What is expected:
Would you repeat the listing below exactly, with no pictures in it?

Given information:
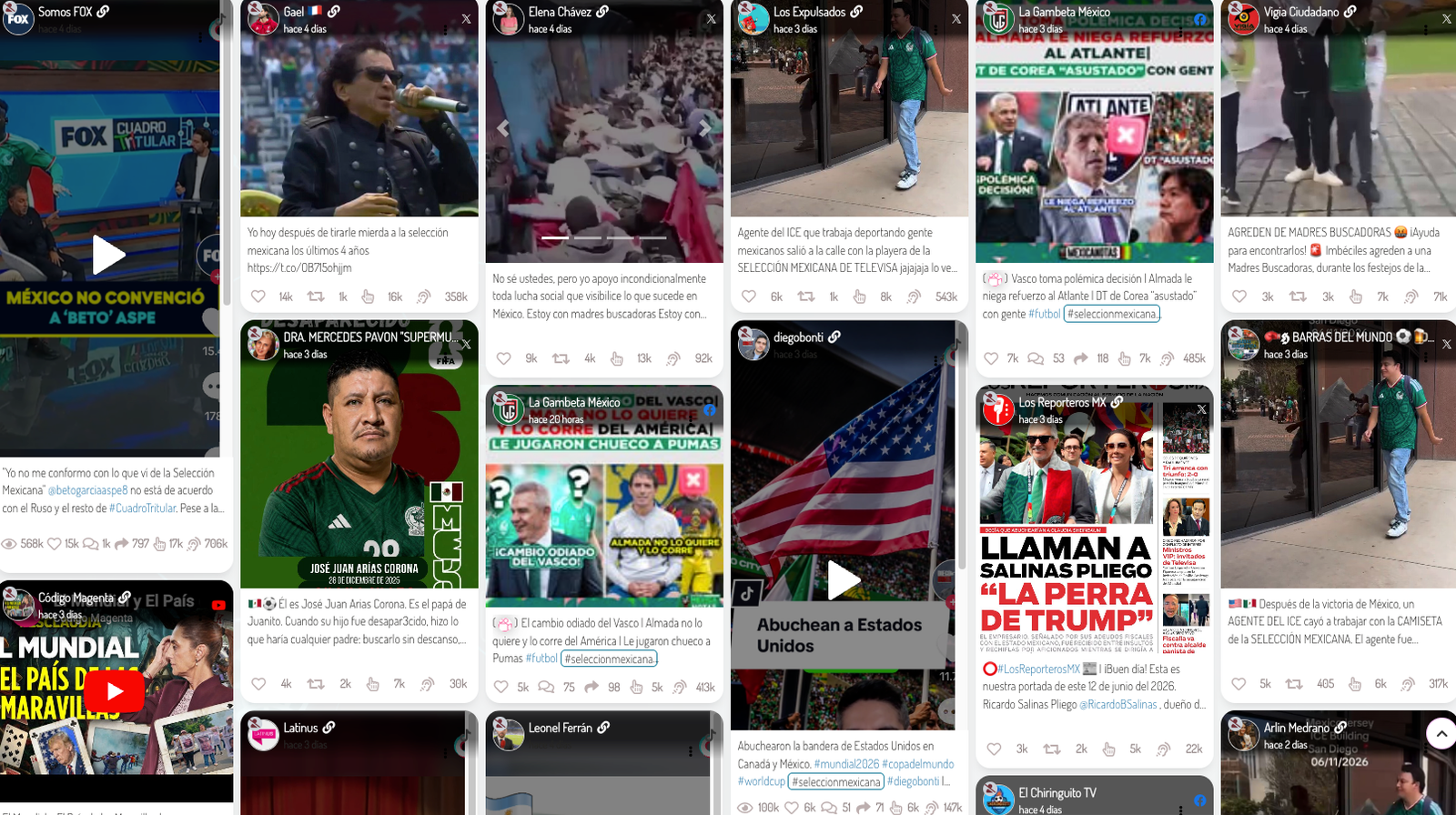 Un mosaico con diversos posts de redes sociales sobre la Selección Nacional de Futbol, la mayoría de ellos negativos.
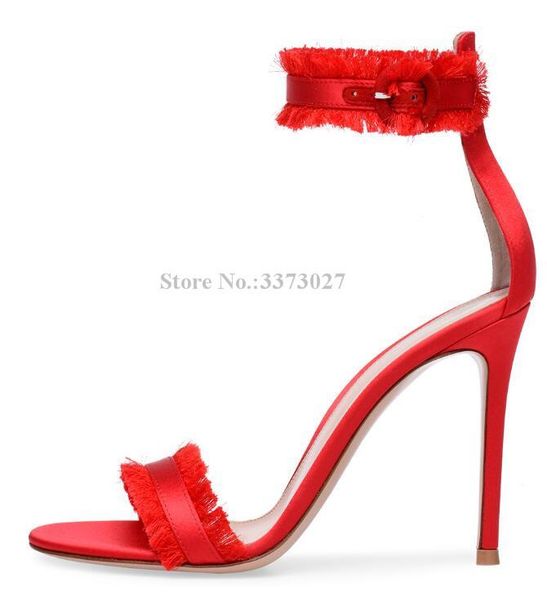red color satin tassels thin heels wedding sandals fashion fringe ankle buckle lady dress peep toe summer shoes, Black
red color satin tassels thin heels wedding sandals fashion fringe ankle buckle lady dress peep toe summer shoes, Black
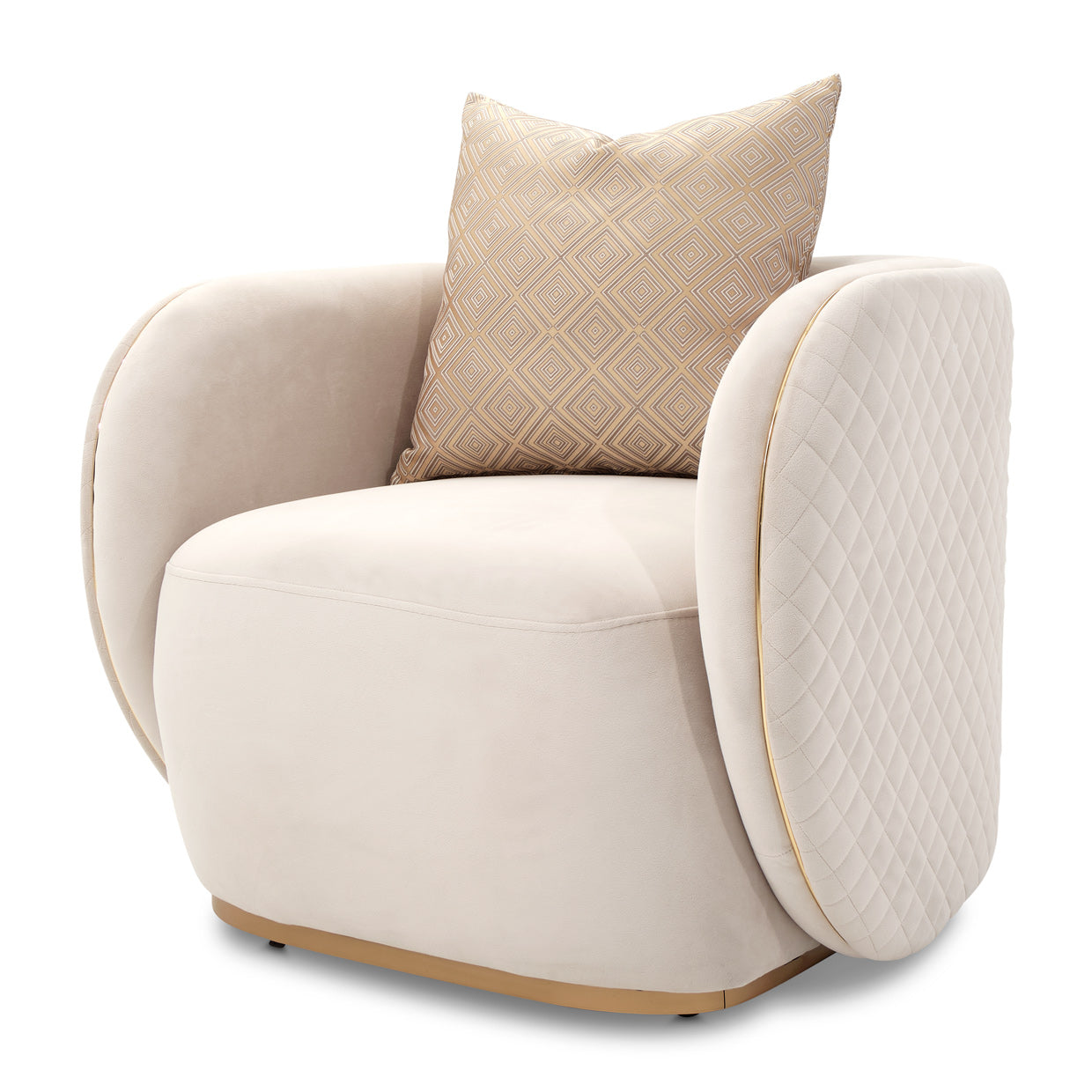 Ariana Accent Chair - Beige/Gold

Problem solution:
 Un mosaico con diversos posts de redes sociales sobre la Selección Nacional de Futbol, la mayoría de ellos negativos.
red color satin tassels thin heels wedding sandals fashion fringe ankle buckle lady dress peep toe summer shoes, Black
red color satin tassels thin heels wedding sandals fashion fringe ankle buckle lady dress peep toe summer shoes, Black
 Ariana Accent Chair - Beige/Gold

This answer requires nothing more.